In order to achieve the above object, the present invention provides the following solutions: the invention provides a fixed pollution source simulation test wind tunnel which comprises a wind tunnel unit and a test unit, wherein the wind tunnel unit is communicated with the test unit, the wind tunnel unit comprises a high-efficiency air filter, a smoke generating device, a power section, a temperature exchange section, a stabilizing section and a humidity generation section which are sequentially connected, the stabilizing section is connected with a dust generation system, the test unit comprises a horizontal section and a vertical section, one end of the horizontal section is connected with the humidity generation section, the other end of the horizontal section is connected with the vertical section, the axis of the vertical section is perpendicular to the planes of the axis of the horizontal section and the axis of the wind tunnel unit, and observation test holes are respectively formed in different cross sections of the horizontal section and the vertical section.
Preferably, the high-efficiency air filter is connected with the power section through a first corner and a connecting pipe in sequence, and the temperature exchange section is connected with the stabilizing section through a second corner and a third corner in sequence.

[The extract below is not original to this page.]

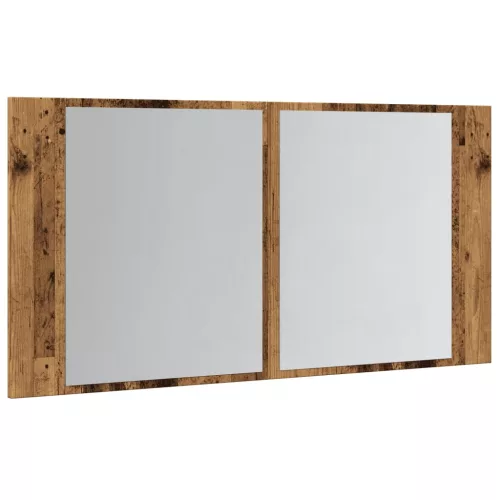 Antik fa színű szerelt fa tükrösszekrény LED-del 90x12x45 cm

Preferably, the flue gas generating device is arranged in the first corner, and a humidity controller is further arranged in the first corner.
Preferably, the first corner, the second corner and the third corner are provided with guide plates.

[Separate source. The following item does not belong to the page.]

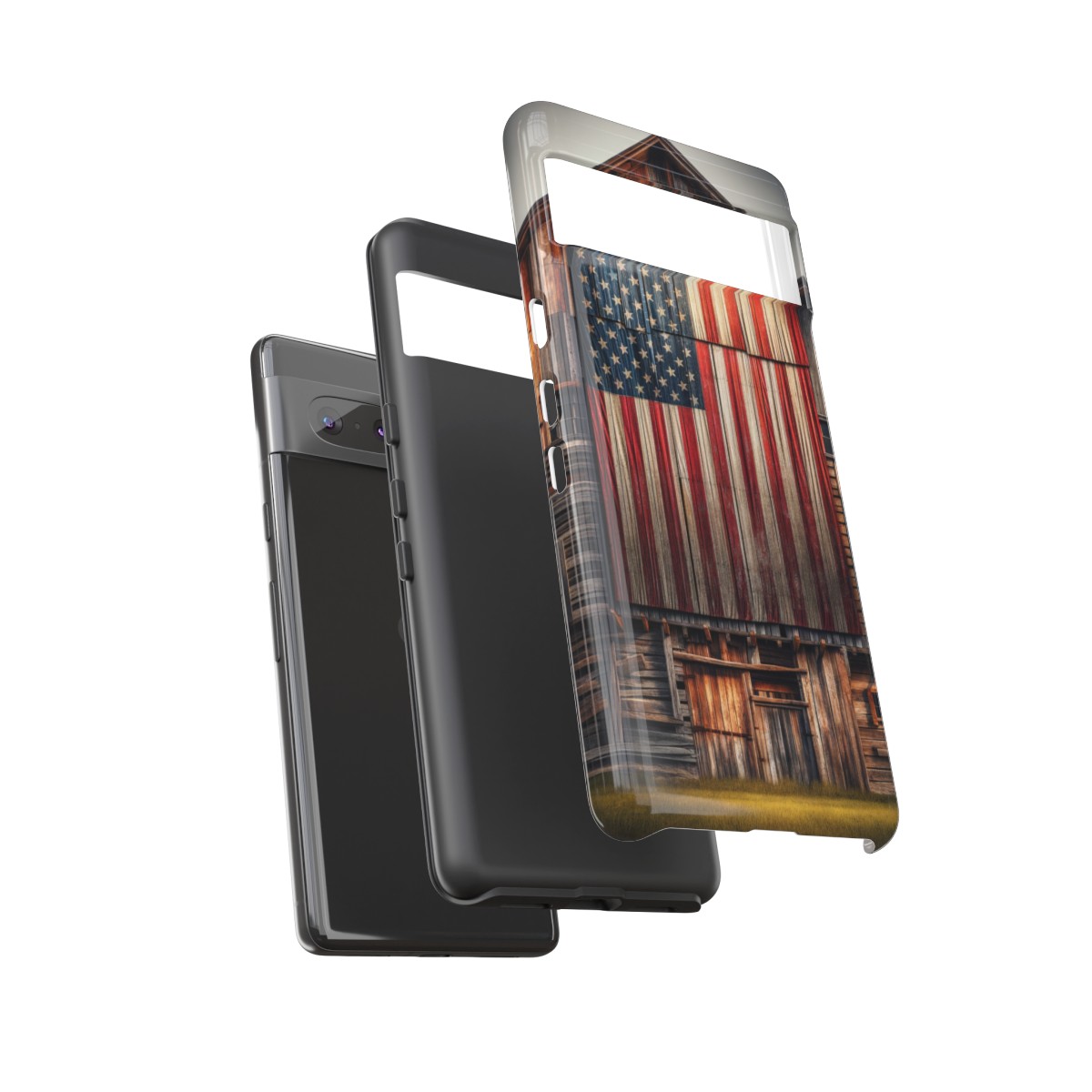 Vintage USA Flag on Weathered Barn Wood Phone Case- Phone Case - Image 148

Preferably, a honeycomb device and a damping net are sequentially arranged in the stabilizing section.
Preferably, the larger diameter one end of the humidity generation section is connected with the stabilizing section, the smaller diameter one end of the humidity generation section is connected with the horizontal section, and the humidity generation section is provided with a wind speed, temperature and humidity monitoring probe.
Preferably, the horizontal section and the vertical section are each provided with five sets of observation test holes at different cross sections.

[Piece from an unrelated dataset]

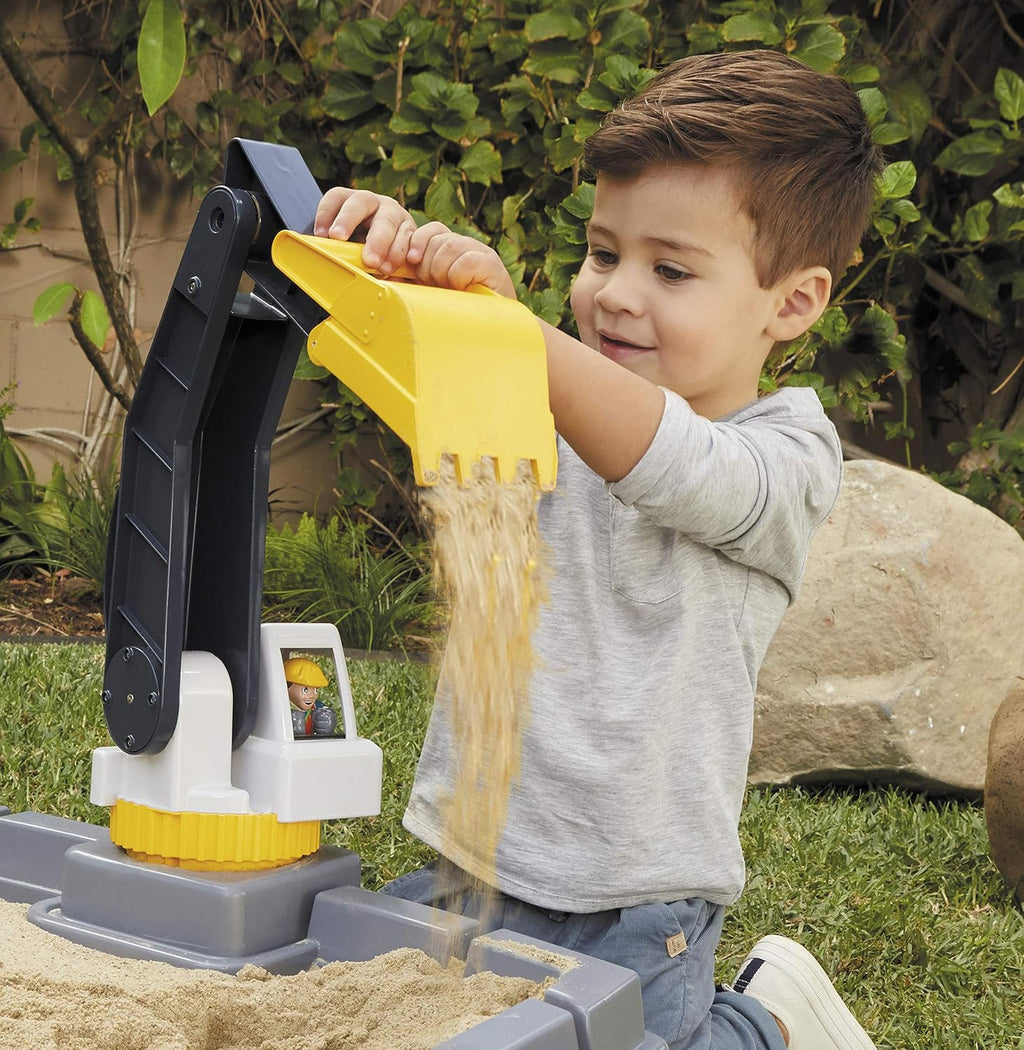 Excavator Sandbox with Lid and Play Sand Accessories k7m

Preferably, each group of observation test holes on the horizontal section is three, and the three observation test holes are respectively positioned at two sides and the bottom of the middle part of the horizontal section.
Preferably, each group of observation test holes on the vertical section is four, the four observation test holes are respectively positioned at two sides, the top and the bottom of the middle part of the vertical section, and the observation test holes are all provided with transparent antistatic plates.
Compared with the prior art, the invention has the following technical effects: according to the solid pollution source simulation test wind tunnel, the fixed pollution source smoke fine particle monitoring wind tunnel is designed, smoke generated by the wind tunnel is simulated, a smoke observation test hole is formed in a test unit, the distribution condition of particles and wind fields of each cross section in the wind tunnel is monitored, the environmental change characteristics of the sampled cross section are researched, the composition of different pollution source fine particles is obtained, and the total emission amount is estimated.
Drawings
In order to more clearly illustrate the embodiments of the present invention or the technical solutions of the prior art, the drawings that are needed in the embodiments will be briefly described below, it being obvious that the drawings in the following description are only some embodiments of the present invention, and that other drawings may be obtained according to these drawings without inventive effort for a person skilled in the art.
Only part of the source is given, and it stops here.